Steven Kleinstein, PhD

High-throughput B cell receptor (BCR) repertoire sequencing

Next-generation sequencing (NGS) technologies have revolutionized our ability to carry out large-scale adaptive immune receptor repertoire sequencing (AIRR-seq) experiments. AIRR-seq is increasingly being applied to gain insights into immune responses in healthy individuals and those with a range of diseases, including autoimmunity, infection, allergy, cancer and aging. As NGS technologies improve, these experiments are producing ever larger datasets, with tens- to hundreds-of-thousands of single cells (or tens- to hundreds-of-millions of BCR sequences when run in bulk), requiring the development of new computational methods to manage and analyze these “Big Data”. For an overview, please check out our review.

We have developed many widely used computational methods for bulk and single-cell AIRR-seq data processing and analysis. These methods are available to the wider scientific community through the Immcantation framework, which provides a start-to-finish analytical ecosystem for high-throughput AIRR-seq datasets, with a focus on B cell receptor (BCR) repertoire profiling.

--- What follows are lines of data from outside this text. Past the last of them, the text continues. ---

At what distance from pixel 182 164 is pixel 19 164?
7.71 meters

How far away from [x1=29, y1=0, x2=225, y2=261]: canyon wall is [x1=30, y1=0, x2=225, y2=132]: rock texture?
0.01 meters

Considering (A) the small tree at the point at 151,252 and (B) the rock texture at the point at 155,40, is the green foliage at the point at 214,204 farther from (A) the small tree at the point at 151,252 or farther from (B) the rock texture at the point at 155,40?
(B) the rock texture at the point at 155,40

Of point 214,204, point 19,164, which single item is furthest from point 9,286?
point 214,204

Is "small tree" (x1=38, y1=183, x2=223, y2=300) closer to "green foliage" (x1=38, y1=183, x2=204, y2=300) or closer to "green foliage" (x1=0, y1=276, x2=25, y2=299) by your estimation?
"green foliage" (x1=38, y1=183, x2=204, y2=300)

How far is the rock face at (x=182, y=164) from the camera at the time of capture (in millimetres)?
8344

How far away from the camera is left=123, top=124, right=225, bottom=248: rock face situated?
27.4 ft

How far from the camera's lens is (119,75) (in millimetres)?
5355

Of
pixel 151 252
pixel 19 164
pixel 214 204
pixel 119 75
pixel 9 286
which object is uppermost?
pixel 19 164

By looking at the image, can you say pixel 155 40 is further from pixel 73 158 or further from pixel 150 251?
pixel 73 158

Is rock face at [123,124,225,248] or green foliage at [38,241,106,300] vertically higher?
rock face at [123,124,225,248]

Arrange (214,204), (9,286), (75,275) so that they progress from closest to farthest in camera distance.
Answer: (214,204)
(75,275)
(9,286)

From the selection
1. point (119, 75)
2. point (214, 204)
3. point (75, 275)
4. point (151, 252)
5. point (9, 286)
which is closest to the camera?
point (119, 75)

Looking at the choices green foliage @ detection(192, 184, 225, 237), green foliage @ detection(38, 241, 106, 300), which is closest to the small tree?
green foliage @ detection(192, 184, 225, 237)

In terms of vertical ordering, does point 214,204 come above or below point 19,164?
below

Working in close collaboration with basic experimental and clinical groups, we have been applying our methods to gain biological insights in several systems, including: infection (SARS-CoV-2, HIV, Salmonella, West Nile virus, Lyme), vaccination (influenza), allergy (allergic rhinitis, atopic asthma) and autoimmune disease (Multiple Sclerosis, Myasthenia Gravis). We are also active members of the AIRR Community.

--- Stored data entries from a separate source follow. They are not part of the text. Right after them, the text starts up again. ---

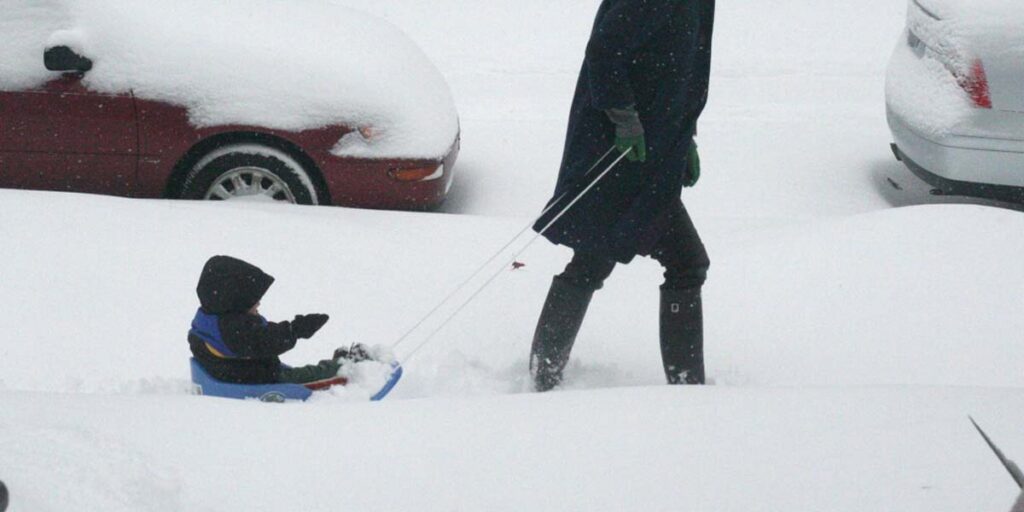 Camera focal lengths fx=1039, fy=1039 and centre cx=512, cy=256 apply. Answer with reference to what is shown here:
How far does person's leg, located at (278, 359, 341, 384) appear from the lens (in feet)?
9.95

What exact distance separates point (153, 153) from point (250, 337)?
2.37 metres

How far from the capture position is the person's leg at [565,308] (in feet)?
10.7

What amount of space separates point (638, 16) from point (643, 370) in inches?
50.5

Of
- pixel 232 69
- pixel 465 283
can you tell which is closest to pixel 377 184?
pixel 232 69

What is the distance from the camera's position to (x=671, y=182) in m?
3.14

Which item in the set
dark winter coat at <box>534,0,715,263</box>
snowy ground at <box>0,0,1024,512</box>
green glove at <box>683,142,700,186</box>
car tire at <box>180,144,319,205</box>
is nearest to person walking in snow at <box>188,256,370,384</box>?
snowy ground at <box>0,0,1024,512</box>

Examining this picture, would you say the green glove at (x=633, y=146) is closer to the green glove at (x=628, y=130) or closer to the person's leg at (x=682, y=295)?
the green glove at (x=628, y=130)

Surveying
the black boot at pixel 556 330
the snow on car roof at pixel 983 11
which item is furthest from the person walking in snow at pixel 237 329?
the snow on car roof at pixel 983 11

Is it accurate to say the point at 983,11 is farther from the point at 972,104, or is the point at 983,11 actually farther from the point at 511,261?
the point at 511,261

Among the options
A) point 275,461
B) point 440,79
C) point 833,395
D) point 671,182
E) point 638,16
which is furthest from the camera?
point 440,79

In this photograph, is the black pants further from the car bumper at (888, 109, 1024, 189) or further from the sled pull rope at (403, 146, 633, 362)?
the car bumper at (888, 109, 1024, 189)

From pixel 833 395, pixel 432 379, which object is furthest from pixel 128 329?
pixel 833 395

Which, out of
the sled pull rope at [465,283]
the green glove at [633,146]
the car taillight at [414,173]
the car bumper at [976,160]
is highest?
the green glove at [633,146]

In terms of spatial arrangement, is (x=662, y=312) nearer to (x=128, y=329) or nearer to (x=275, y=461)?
(x=275, y=461) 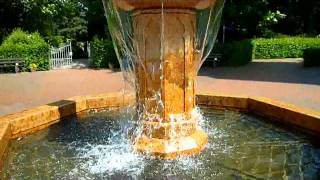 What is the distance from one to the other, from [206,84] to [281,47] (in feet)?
46.3

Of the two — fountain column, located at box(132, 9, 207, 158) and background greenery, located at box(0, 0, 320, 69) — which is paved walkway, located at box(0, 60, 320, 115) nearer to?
background greenery, located at box(0, 0, 320, 69)

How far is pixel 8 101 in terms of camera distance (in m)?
11.3

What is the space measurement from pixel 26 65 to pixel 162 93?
1653cm

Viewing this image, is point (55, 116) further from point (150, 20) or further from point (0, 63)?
point (0, 63)

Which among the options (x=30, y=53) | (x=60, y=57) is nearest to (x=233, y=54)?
(x=60, y=57)

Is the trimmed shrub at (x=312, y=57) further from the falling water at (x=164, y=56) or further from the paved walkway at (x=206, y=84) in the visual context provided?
the falling water at (x=164, y=56)

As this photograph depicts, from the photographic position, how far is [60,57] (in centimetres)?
2330

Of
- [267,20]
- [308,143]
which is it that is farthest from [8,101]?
[267,20]

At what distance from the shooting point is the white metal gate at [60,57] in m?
22.6

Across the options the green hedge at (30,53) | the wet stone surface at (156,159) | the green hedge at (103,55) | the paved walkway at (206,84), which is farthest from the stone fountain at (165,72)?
the green hedge at (30,53)

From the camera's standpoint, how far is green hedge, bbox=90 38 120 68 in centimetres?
2148

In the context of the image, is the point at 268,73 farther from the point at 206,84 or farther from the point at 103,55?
the point at 103,55

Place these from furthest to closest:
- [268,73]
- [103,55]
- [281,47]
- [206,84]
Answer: [281,47]
[103,55]
[268,73]
[206,84]

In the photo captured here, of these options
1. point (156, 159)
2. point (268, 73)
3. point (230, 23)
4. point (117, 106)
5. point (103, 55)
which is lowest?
point (156, 159) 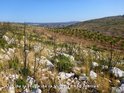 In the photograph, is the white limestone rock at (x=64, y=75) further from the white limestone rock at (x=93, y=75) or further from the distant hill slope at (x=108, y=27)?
the distant hill slope at (x=108, y=27)

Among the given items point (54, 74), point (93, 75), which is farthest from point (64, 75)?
point (93, 75)

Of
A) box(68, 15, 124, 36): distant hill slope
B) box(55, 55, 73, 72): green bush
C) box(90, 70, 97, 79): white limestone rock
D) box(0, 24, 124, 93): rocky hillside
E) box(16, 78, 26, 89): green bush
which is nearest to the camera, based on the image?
box(0, 24, 124, 93): rocky hillside

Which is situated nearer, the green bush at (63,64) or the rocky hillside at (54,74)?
the rocky hillside at (54,74)

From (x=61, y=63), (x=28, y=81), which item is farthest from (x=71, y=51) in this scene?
(x=28, y=81)

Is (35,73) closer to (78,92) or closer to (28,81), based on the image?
(28,81)

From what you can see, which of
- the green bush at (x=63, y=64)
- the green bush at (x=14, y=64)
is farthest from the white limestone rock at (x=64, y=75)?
the green bush at (x=14, y=64)

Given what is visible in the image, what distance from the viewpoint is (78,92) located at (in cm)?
797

Multi-omic immune signatures of human infection and vaccination responses

Individual variations in immune status and function produce significant heterogeneity in infection and vaccination responses. For example, West Nile virus infection is usually asymptomatic, but can cause severe neurological disease and death, particularly in older patients. Our research leverages recent advances in immune profiling methods to characterize diverse states of human immune system (in health and disease, and following infection and vaccination). We have developed several computational methods for large-scale genetic network modeling, including:

• QuSAGE, which quantifies pathway activity from high-throughput transcriptional profiling data while accounting for gene-gene correlations
• LogMiNeR, which leverages prior knowledge networks to improve model interpretability in the analysis of high-throughput transcriptional profiling data.
• SPEC, which predicts the specific cellular source (e.g., B cells, T cells, etc.) of a gene expression signature using data from total PBMCs
• TIDAL, which integrates genome-wide expression kinetics and time-dependent promoter analysis to reconstruct transcriptional regulatory networks

For a complete list, check out our software page.

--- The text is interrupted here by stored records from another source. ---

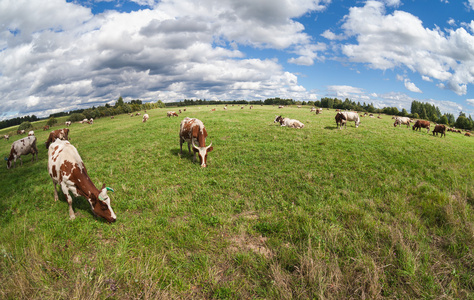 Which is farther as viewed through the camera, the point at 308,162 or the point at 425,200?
the point at 308,162

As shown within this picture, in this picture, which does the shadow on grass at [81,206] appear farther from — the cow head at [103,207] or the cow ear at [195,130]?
the cow ear at [195,130]

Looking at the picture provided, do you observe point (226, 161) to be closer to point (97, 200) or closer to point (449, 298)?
point (97, 200)

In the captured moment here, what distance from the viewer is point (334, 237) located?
4887mm

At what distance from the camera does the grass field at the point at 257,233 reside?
11.8 ft

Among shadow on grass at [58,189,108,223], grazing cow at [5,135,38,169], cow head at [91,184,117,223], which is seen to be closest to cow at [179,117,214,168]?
cow head at [91,184,117,223]

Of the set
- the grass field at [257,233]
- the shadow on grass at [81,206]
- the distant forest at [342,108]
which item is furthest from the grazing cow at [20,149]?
the distant forest at [342,108]

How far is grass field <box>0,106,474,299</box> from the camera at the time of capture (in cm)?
360

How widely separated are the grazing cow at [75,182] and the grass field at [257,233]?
44 cm

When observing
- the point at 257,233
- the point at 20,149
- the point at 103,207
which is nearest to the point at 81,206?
the point at 103,207

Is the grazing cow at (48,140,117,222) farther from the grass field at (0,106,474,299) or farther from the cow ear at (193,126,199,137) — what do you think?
the cow ear at (193,126,199,137)

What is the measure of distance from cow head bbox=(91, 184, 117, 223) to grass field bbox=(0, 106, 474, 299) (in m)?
0.26

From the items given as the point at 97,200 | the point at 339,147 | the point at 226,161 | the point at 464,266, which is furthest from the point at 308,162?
the point at 97,200

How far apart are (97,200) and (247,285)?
5.74 meters

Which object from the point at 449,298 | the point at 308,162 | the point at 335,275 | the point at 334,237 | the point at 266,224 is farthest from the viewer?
the point at 308,162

A major biological focus area for this research is the response to influenza infection and vaccination. As part of the multi-institutional Program for Research on Immune Modeling and Experimentation (PRIME), we developed data-driven models for the response of multiple human cell types to infection with different strains of influenza (including the infamous 1918 pandemic strain). We also study influenza vaccination responses as part of the NIH/NIAID Human Immunology Project Consortium (HIPC) and the SARS-CoV-2 infection response as part of IMPACC.